Interview de Céline Antonin : Economiste au sein de l'Observatoire français des conjonctures économiques (OFCE)

Céline Antonin

Economiste au sein de l'Observatoire français des conjonctures économiques (OFCE)

Il y a une peur panique des opérateurs de marché qu'il y ait une défaillance en Allemagne

Publié le 27 Octobre 2014

Quel regard portez-vous sur les dernières statistiques économiques décevantes sur l’Allemagne concernant les commandes et la production industrielles ainsi que les exportations ?
Nous avons été quelque peu surpris par ces statistiques car nous ne nous attendions pas à ce que les chiffres soient si mauvais. Ceci étant, l’Allemagne fait pleinement partie de la zone euro, et il est normal qu’elle subisse l’impact du ralentissement d’activité de la zone, qui dure depuis déjà plusieurs trimestres. Ce d’autant plus que ses deux principaux partenaires commerciaux, la France et l’Italie, connaissent une croissance quasi nulle, si ce n’est négative et continuent à mener une politique budgétaire austère. Parallèlement, un ralentissement a été observé dans d’autres pays partenaires importants de l’Allemagne au sein de l’Asie émergente et de l’Europe de l’est.
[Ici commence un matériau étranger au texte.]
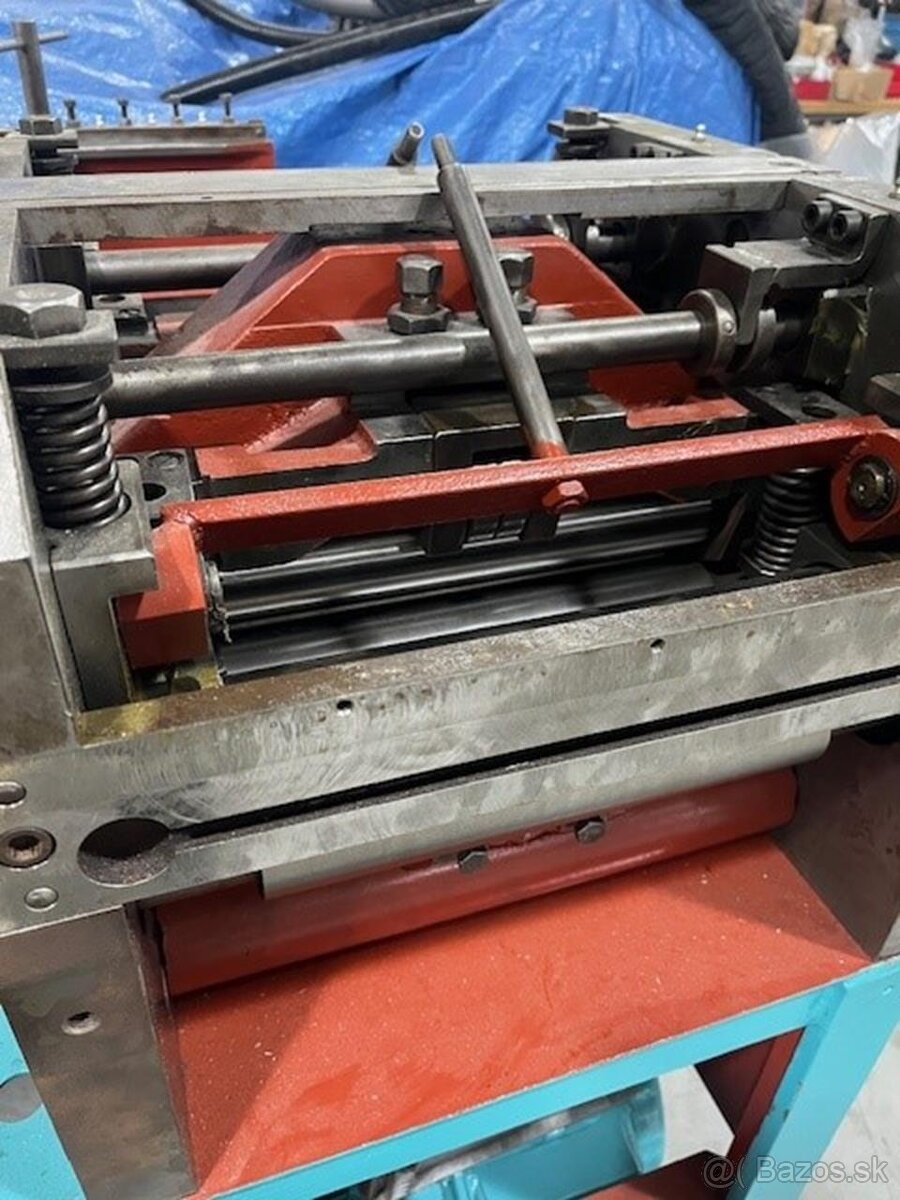 Rovnačka plechu SMERAL QRM 300/4 8399 - 2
Quel enseignement déduisez-vous de ces chiffres ?
Il est hasardeux de tirer les conclusions sur une véritable tendance de fond après les chiffres d’un seul mois.
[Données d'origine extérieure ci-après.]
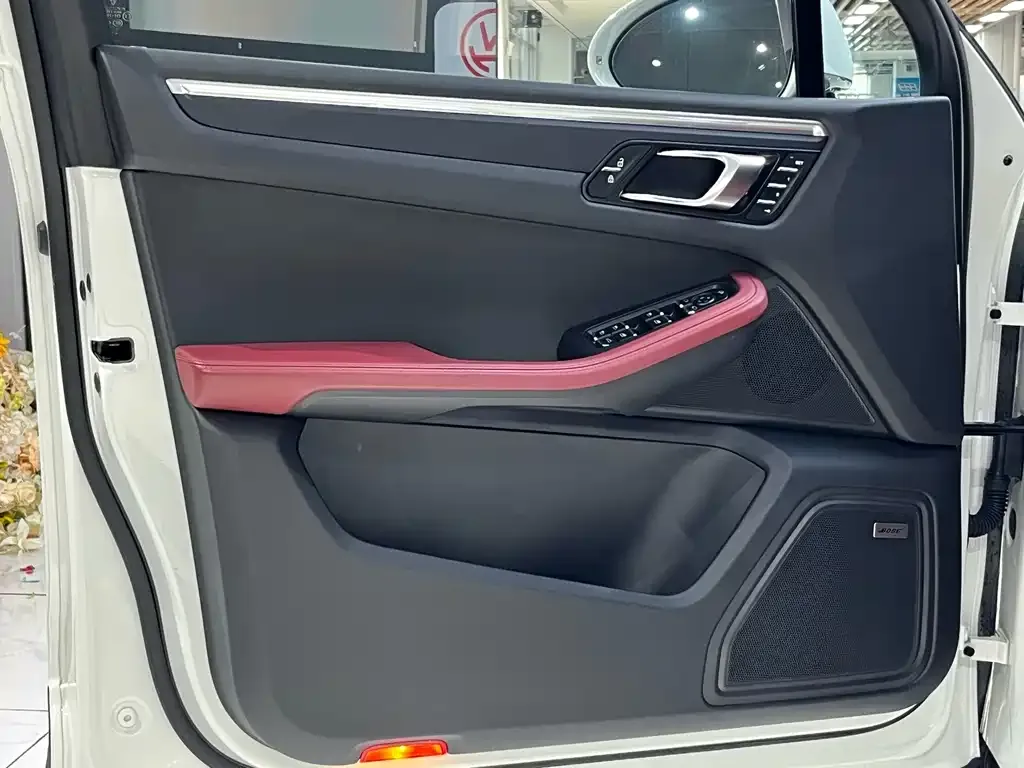Porsche Macan 2023 из CN, фото 8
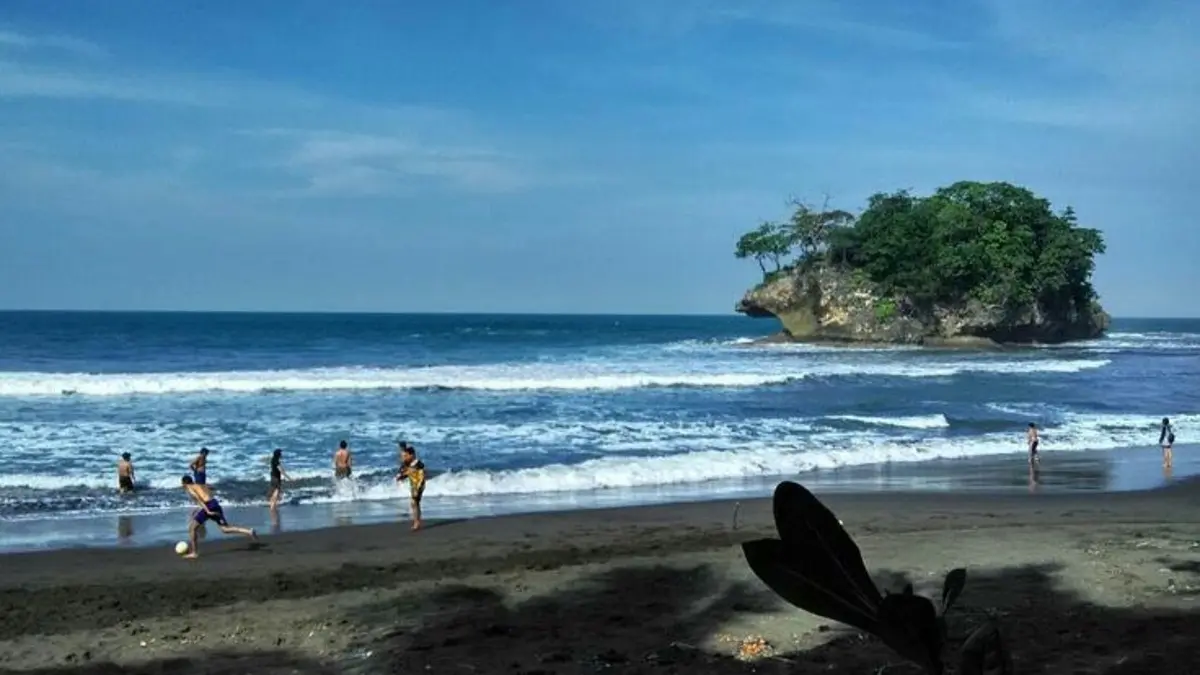 Pantai Nampu Wonogiri punya tebing karang tinggi, air laut jernih, pasir bersih, dan tiket masuk murah hanya Rp2.000 per orang.(Pinterest)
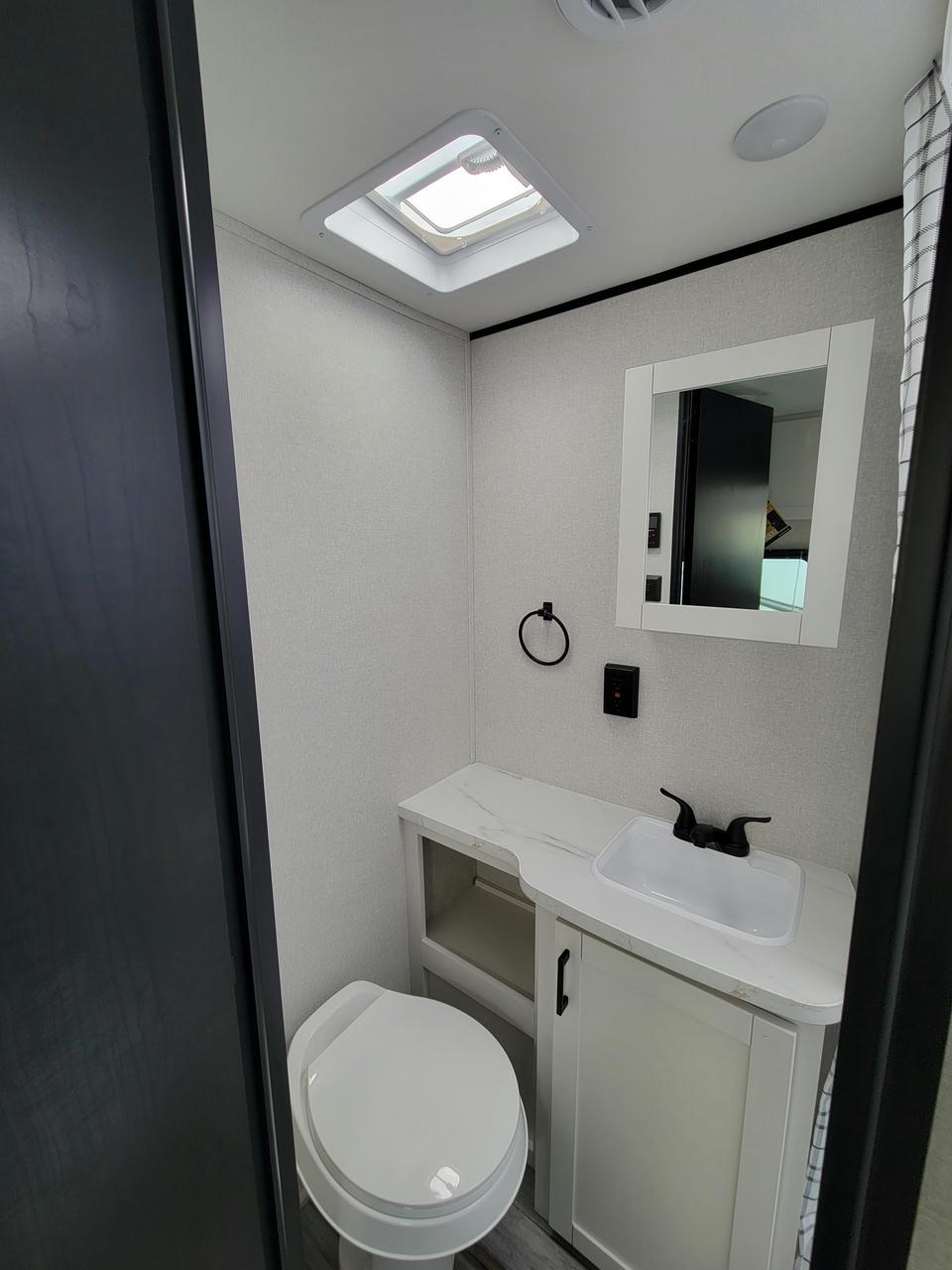 2026 Jayco 2026 Jayco Jay Flight SLX - thumbnail 11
Quel est votre scénario central pour le pays à ce jour ?
Nous tablons sur une croissance en 2014 de 1,4% avec un troisième et un quatrième trimestre à 0,3%. Nous ne tablons donc pas sur une récession, même technique, dans le pays.
Nous envisageons par ailleurs une progression du PIB de 1,5% en 2015.
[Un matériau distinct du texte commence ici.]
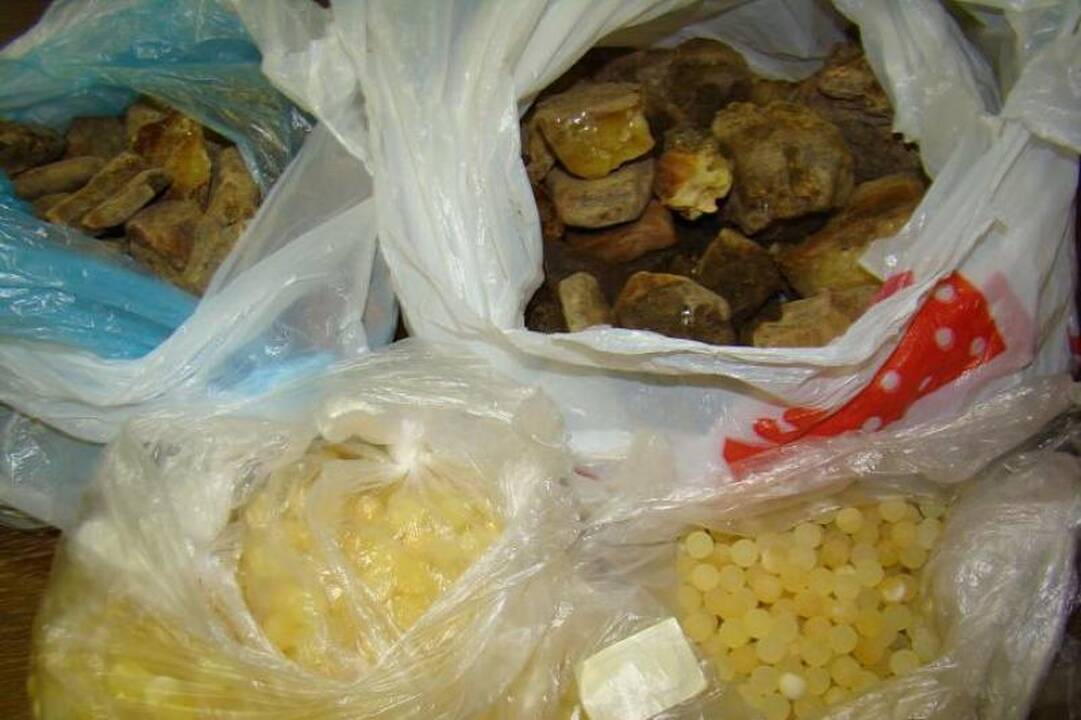 Gintarą iš Rusijos klaipėdietis vežė automobilio kuro bake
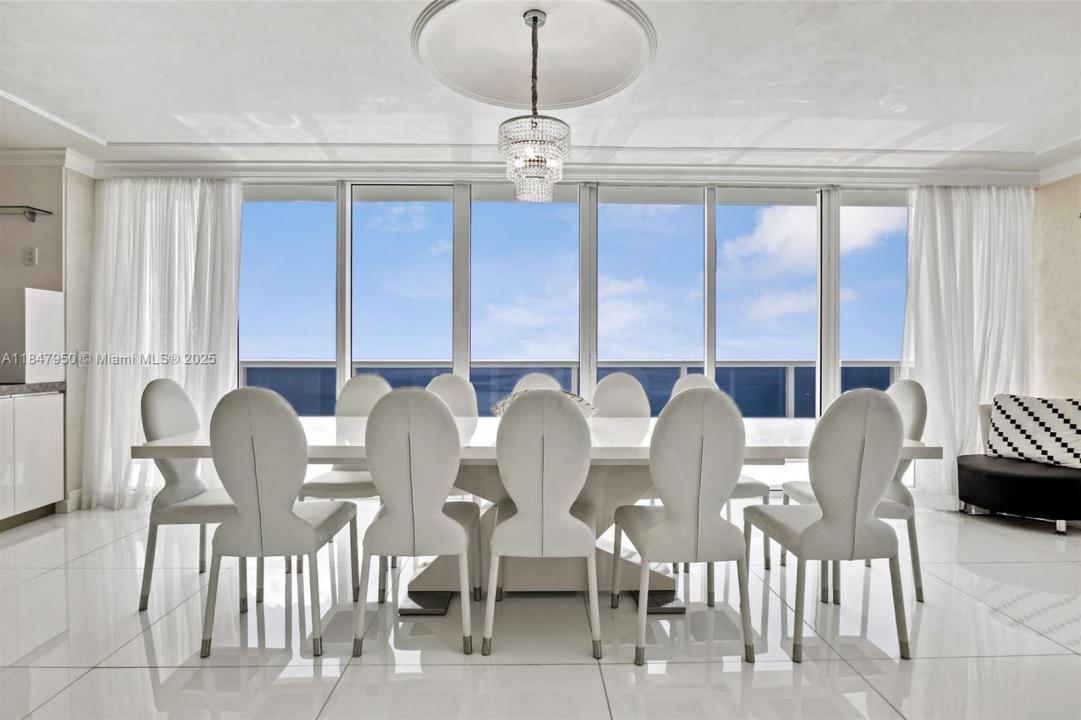 1830 S Ocean Dr 5102, Hallandale Beach, Florida 33009, Stati Uniti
Anticipez-vous à un changement de modèle de croissance pour l’Allemagne ?
L’Allemagne s’interroge sur les moteurs de sa croissance. De nouvelles mesures ont déjà été prises en écho à cette réflexion. Des salaires minimums doivent être instaurés début 2015. Des allégements sur les cotisations des retraités ont également été prévus. Cela devrait avoir pour effet de stimuler la demande interne qui compensera en partie l’amoindrissement de la demande extérieure. Ainsi, si le modèle de croissance est destiné à rester axé avant tout sur les exportations et l’investissement, un rééquilibrage devrait avoir lieu en faveur de la consommation.

Quels indicateurs phares seront-ils à surveiller pour avoir une meilleure idée de l’état de santé de l’Allemagne ?

Les commandes et la production industrielle, les exportations, les ventes au détail.

Quel poids accordez-vous aux indicateurs avancés ?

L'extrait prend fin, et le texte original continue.